Buku ini mengeksplorasi bagaimana Katharina menavigasi tantangan hidup sebagai blasteran, termasuk menghadapi prasangka dan stereotip. Dengan gaya bercerita yang menarik, ia membagikan momen-momen dari masa kecilnya, termasuk waktu yang dihabiskan di Austria, hingga kisah-kisah di sekolah dan universitas yang penuh warna dan humor.

Kisah ayahnya, seorang Austria yang menetap di Indonesia dan menikahi ibunya, juga menjadi bagian penting dari buku ini, menggambarkan kehangatan dan keunikan keluarga mereka. Ayahnya, yang dikenal karena kebiasaan uniknya seperti mengenakan surjan saat mengantar Katharina, memberikan perspektif yang segar dan menghibur.

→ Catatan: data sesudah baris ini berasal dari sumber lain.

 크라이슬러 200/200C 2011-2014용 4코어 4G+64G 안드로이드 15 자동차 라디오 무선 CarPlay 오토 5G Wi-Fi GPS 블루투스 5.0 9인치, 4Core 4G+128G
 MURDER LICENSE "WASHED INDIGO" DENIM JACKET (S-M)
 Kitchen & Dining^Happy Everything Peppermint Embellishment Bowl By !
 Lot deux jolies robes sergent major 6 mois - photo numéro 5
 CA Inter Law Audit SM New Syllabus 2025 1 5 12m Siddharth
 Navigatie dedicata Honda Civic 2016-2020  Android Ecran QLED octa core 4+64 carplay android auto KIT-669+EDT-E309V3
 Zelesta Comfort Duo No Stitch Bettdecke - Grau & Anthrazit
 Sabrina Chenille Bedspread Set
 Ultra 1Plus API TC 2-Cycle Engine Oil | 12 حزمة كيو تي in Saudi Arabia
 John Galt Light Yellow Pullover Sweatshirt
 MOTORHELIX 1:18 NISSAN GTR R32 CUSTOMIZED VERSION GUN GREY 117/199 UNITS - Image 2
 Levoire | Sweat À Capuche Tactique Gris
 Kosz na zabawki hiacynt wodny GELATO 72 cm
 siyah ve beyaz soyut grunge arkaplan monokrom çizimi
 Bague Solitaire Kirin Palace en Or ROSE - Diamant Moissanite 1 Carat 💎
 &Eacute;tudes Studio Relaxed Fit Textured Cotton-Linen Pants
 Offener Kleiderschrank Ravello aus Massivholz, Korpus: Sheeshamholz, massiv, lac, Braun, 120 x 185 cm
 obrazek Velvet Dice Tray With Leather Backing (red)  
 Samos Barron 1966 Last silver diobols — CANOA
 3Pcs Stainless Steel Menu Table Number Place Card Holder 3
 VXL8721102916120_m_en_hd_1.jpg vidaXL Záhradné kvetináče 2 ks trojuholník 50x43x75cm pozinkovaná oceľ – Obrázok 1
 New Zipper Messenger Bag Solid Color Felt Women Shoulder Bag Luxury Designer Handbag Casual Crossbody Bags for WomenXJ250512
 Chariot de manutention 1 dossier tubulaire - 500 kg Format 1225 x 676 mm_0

Katharina sendiri digambarkan tidak seperti stereotip anak blasteran yang hidup mewah dan terlepas dari realitas. Sebaliknya, buku ini mengungkap realitas hidup sebagai blasteran, dengan segala suka duka dan kompleksitasnya, termasuk proses panjang yang harus dijalani untuk mempertahankan identitas ganda mereka di Indonesia.

Secara keseluruhan, buku ini menantang pandangan negatif dan stereotip tentang anak-anak blasteran, menunjukkan bahwa kehidupan mereka tidak selalu mudah dan nyaman. Melalui pengalaman Katharina, pembaca diajak untuk memahami usaha dan biaya yang dikeluarkan oleh keluarganya untuk menjaga keharmonisan hidup di antara dua budaya yang berbeda.

Katharina, dengan ciri khas bahasa Solo yang kental, menyajikan pandangannya yang kritis dan tidak setuju dengan isu tertentu melalui pendekatan yang santai dan penuh humor. Buku ini terasa ringan dan menghibur, membuat saya tidak terlalu memperhatikan aspek-aspek mendalam dari isi bukunya.

Setelah menyelesaikan buku ini, saya menjadi penasaran tentang apa yang akan Katharina tulis selanjutnya. Apakah dia akan terus mengeksplorasi tantangan yang dihadapi oleh anak-anak blasteran dan orang asing di Indonesia, atau mungkin dia akan beralih ke topik lain?

Karena buku ini sangat menonjolkan aktivisme blasteran, saya khawatir pembaca mungkin akan mulai merasa jenuh dengan tema yang sama yang terus-menerus diangkat. Saya juga berpikir bahwa Katharina mungkin akan kehabisan pengalaman pribadi untuk dibagi jika dia terus menulis tentang hal yang sama.

Kritik saya terhadap buku ini adalah bahwa mungkin sudah terlalu banyak pengalaman pribadi Katharina yang diungkapkan, mengingat usianya yang masih muda, di awal 20-an. Jika dia terus mengungkapkan semua pengalamannya, dia mungkin akan mencapai titik jenuh.

Saya berharap, dalam perjalanan kepenulisannya, Katharina akan menemukan kembali dirinya, entah itu dengan mengeksplorasi isu baru atau gaya penulisan yang berbeda. Mungkin dia akan mencoba menulis buku yang lebih serius atau akademis. Ini adalah pertimbangan penting bagi Katharina jika dia ingin melanjutkan karier sebagai penulis.